Капитан даёт распоряжение фельдфебелю не разрешать говорившему отпуска в город.
Вдруг с разных сторон раздаются голоса, что многие думают так же, как выступавший товарищ, но не имеют силы заявить об этом; потом начинается волнующее зрелище: один за другим встают студенты, заявляют, что не ручаются за себя, и просят лишить их отпуска.
Неожиданно поднимается растроганный капитан и срывающимся голосом говорит:
– Конечно, если уж нельзя будет держаться, то и я пойду с вами.
Зал буквально дрожит от рукоплесканий. Инцидент улажен, и смелый товарищ получает отпуск. К нему подходят студенты, дружески жмут руку и говорят, что сцена была чрезвычайно трогательна...
А слухи всё ширятся и ширятся... Говорят о присоединении войск к революционным массам...
Поздно ночью состоялись выборы в ротные комитеты, а из последних – в батальонный комитет...
***
Борис Зайцев, юнкер Московского Александровского военного училища
28 февраля было довольно тепло. Мы, в «милой жизни» бывшие студентами, учителями, адвокатами и просто людьми, шагали от Кудрина по Поварской – в папахах, придававших нам несколько казачий вид, и в солдатских скатках; через плечо болтались папки с глазомерной съемкой. Мы знали, что в Петербурге – военный бунт; но знали смутно. Утром видели за Пресненской заставой, как завод Земского союза прекратил работу. Волнений среди нас не было.
На Арбатской площади пришлось остановиться: с бульвара летел на нас автомобиль, в нем – градоначальник. Я очень хорошо помню, что фуражка его была надвинута на самый лоб, и верх ее странно вздымался сзади. Лицо землисто-желтое, глаза опущены. В нем было нечто столь особенное, что приходилось сказать: «Да, началось».
Однако в этот день мы, как всегда, вели бедную жизнь людей, запертых в парадном здании императорских времен. Мы готовились к репетициям, утешались плиткой шоколада в чайной; в огромном сборном зале, где висели портреты царей, слушали Бетховенскую сонату.
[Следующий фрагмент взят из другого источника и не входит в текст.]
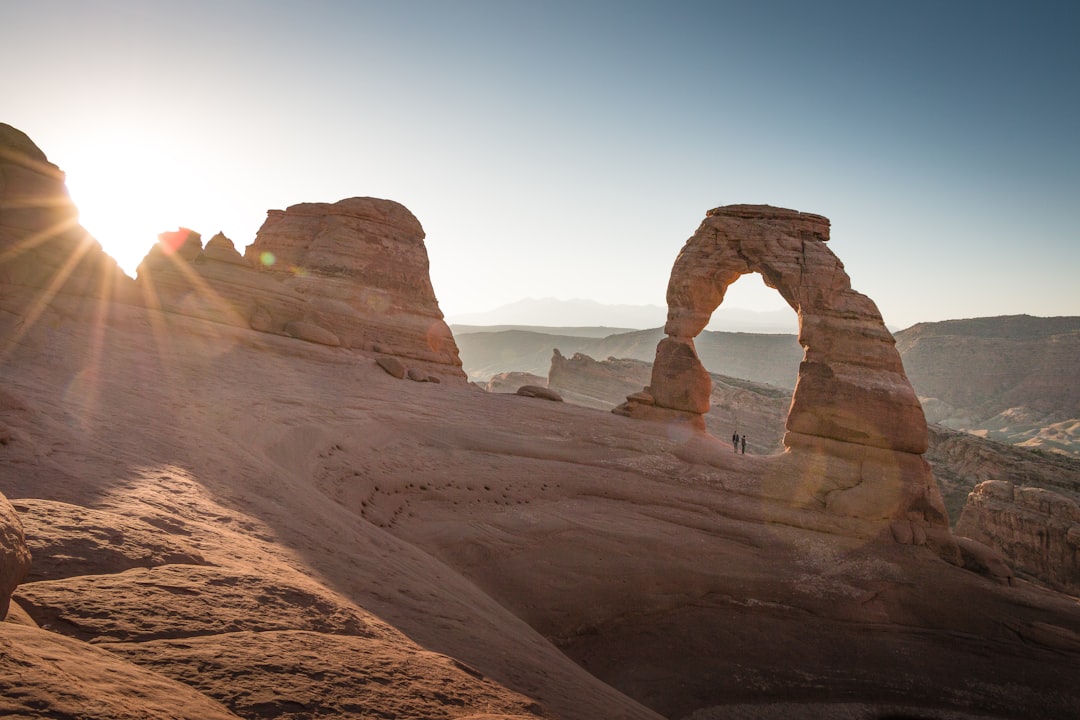 two people under stone formation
И не только этот, но и следующий день, когда, кажется, все уже было решено в Петербурге, мы дремали в своем мрачном palazzo. Я покойно спал в ту ночь, как в Петербурге ни за что убили моего друга.
***
Михаил Бахтин, студент историко-филологического Петроградского университета
Я не приветствовал Февральскую революцию. Более того, я, вернее, наш круг считали, что все это кончится очень плохо, что неизбежно... Мы знали как раз близко людей-то вот того, февральского-то... тех, которые отчасти делали, а потом, так сказать, ну, выдвинулись Февральской революцией. (…) Кадетов, да, кадетов и... этих... (…) трудовиков. Трудовиков, к которым принадлежал сам Керенский, одним словом, вот эту вот породу Керенских. Мы считали, что все эти интеллигенты совершенно неспособны управлять государством, неспособны защитить революцию Февральскую. (Если ее нужно защищать.) И поэтому неизбежно возьмут верх самые крайние, самые левые элементы, большевики. Ну, так оно и случилось. Совершенно были убеждены в этом. (…)
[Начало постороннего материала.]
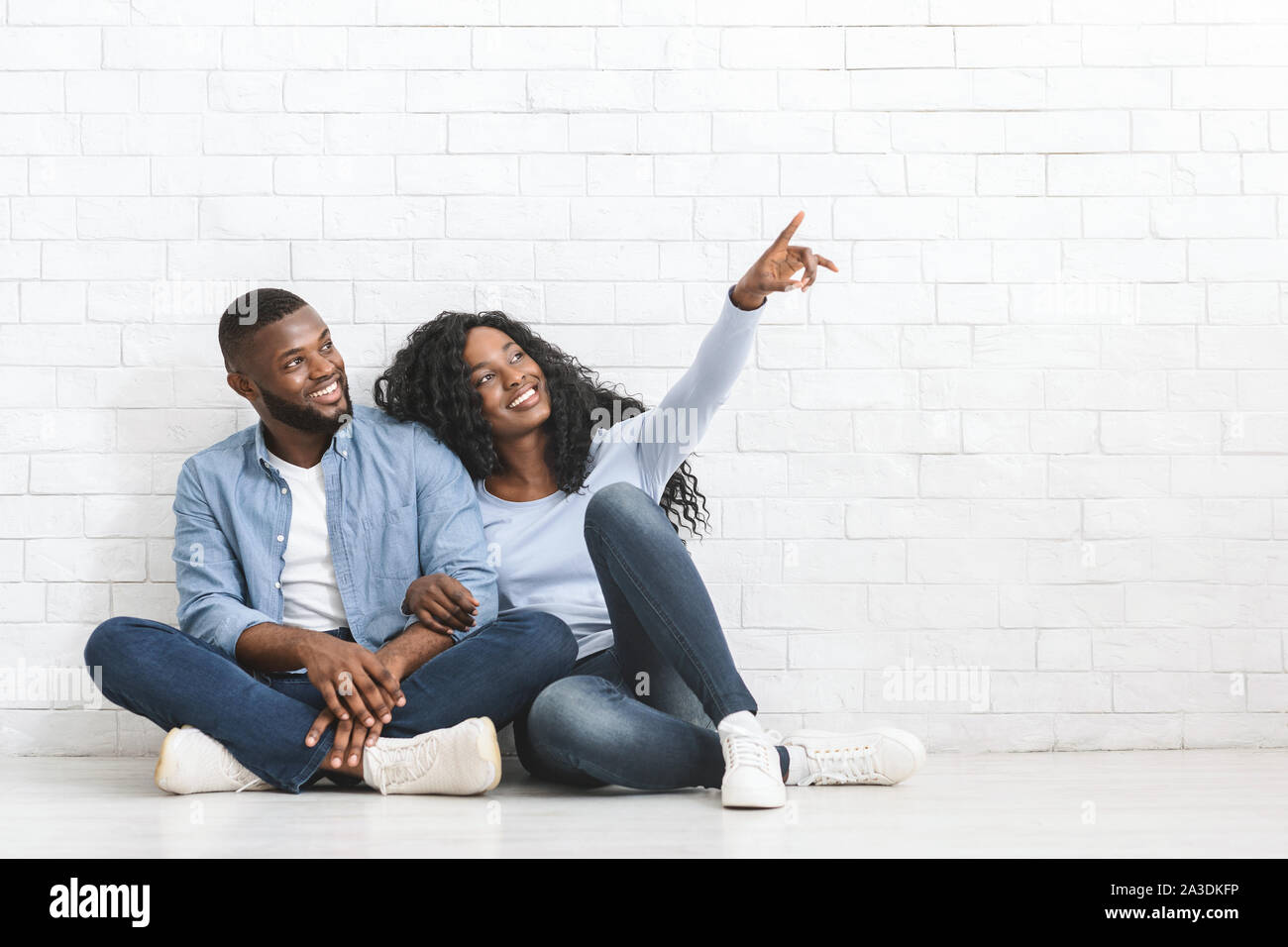 Black couple renovating house hi-res stock photography and images - Alamy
Их, так сказать, почти не знали. Но знали левых эсеров, больше знали, тоже крайних левых эсеров, которые потом работали с большевиками. Потом в кругу эсеров, в кругу социал-демократов тоже были люди наиболее левых, радикальных убеждений, которые потом... вошли в коммунистическую партию и так далее и так далее. Известностью пользовался Троцкий, Зиновьев, немного, правда. (…)
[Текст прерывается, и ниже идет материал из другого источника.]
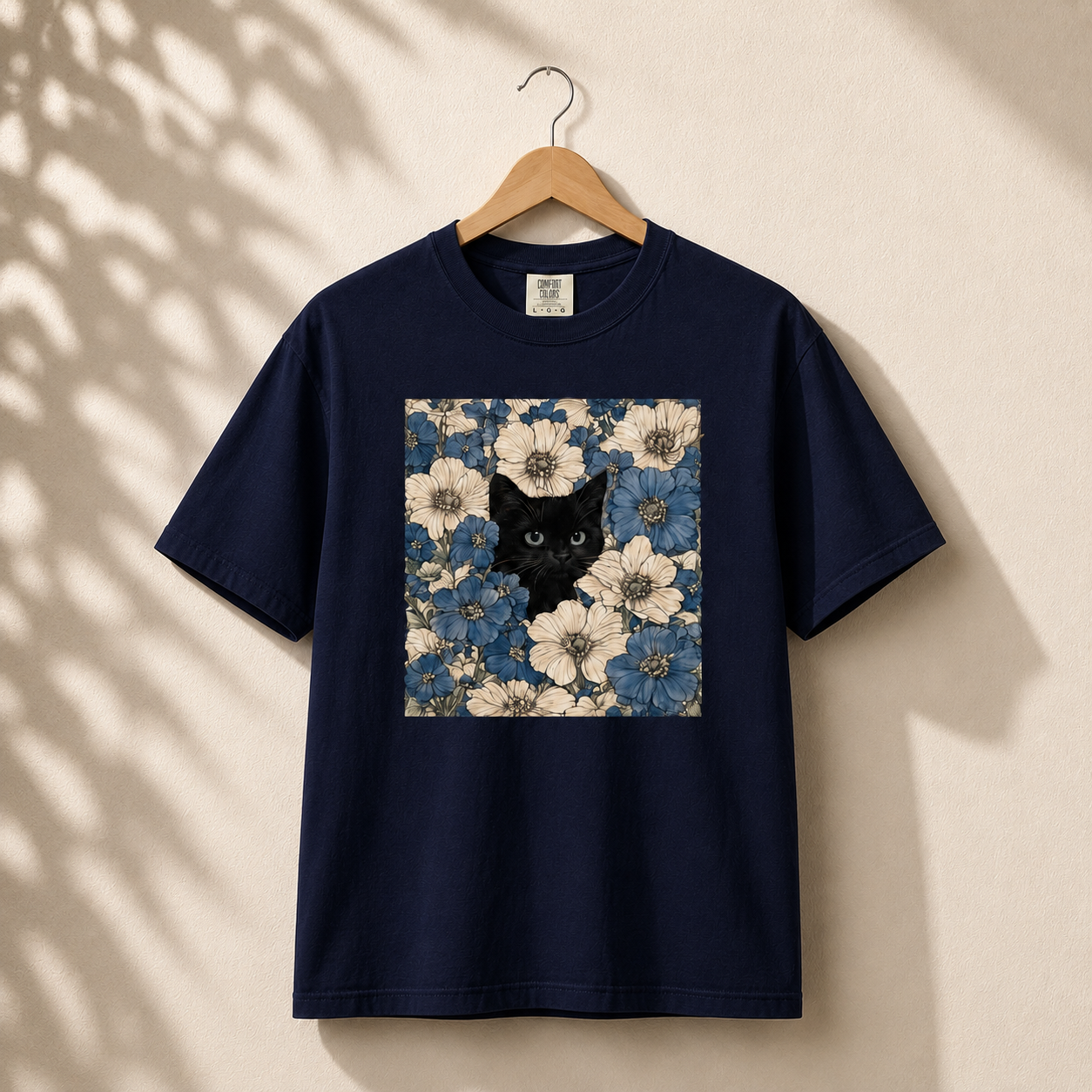 Navy blue t-shirt with a black cat and floral design on a beige background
Неизбежна победа крайних элементов. Более того, я бы сказал, мы были настроены очень пессимистически: мы считали, что дело кончено. Конечно, монархию нельзя восстановить, да и некому, да и им не на что опереться совершенно, что неизбежно победят вот эти вот самые массы солдат, солдаты и крестьяне в солдатских шинелях, которым ничего не дорого, пролетариат, который не исторический класс, у него нет никаких ценностей – собственно, ничего у него нет. Всю жизнь он боролся только за очень узкие материальные блага. И что именно они захватят власть. И сбросить их некому будет, потому что вся эта вот интеллигенция, она на это неспособна.
Я не митинговал, нет-нет. Я сидел дома, читал, когда топили, в библиотеках сидел. Но нет, не митинговал.